Community engagement problematic: The way in which communities engage in the planning process is currently extremely problematic. Planning consultation whether for Local Plans or specific projects is perfunctory, reaches only a small constituency, piecemeal and difficult to engage with. There is no attempt to collate the information from consultations into a body of knowledge on what the community think and want. The AHRC Community Consultation for Quality of Life project led by the University of Reading with support from the Quality of Life Foundation, which began in July 2021, aims to set out a blueprint for community consultation both face to face and digital in the four policy contexts of the UK. Working with the digital consultation platform Commonplace the team aim to deliver a map-based consultation platform that will enable communities to feed information into local social value maps on an ongoing basis. The maps can then be used to test public opinion on projects and developments and to promote digital democracy. Using technology to make consultation easy will free up important resources for the key task of widening participation.

It is worth noting that digital exclusion is an ill-defined concept that Greater Manchester Council are trying to pin down, again through the use of maps (Greater Manchester Council, 2021).
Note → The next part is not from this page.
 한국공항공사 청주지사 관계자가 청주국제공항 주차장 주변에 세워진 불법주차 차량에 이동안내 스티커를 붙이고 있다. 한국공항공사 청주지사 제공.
What can be done to improve the quality of new homes? How can the design and aesthetics of new homes be improved?

For a start there needs to be agreement on what is meant by ‘quality’. This was the subject of the CACHE report Design Value at Neighbourhood Scale which concluded that quality, in other words design value equates to the triple bottom line of sustainability, environmental, social and economic value (Serin et al., 2018). Project teams need to be tasked with the delivery of social, environmental value in a way that fits into local value plans.

At the Quality of Life Foundation, we would argue for some social sustainability component to be written into the planning proposals so that people’s long-term quality of life is taken into account. We have developed a Quality of Life Framework that identifies those factors that are important in securing people’s long-term quality of life (control, health, nature, wonder, movement, belonging) and would advocate for the use of just such a framework or set of criteria in pre-planning applications, something we are piloting at the moment.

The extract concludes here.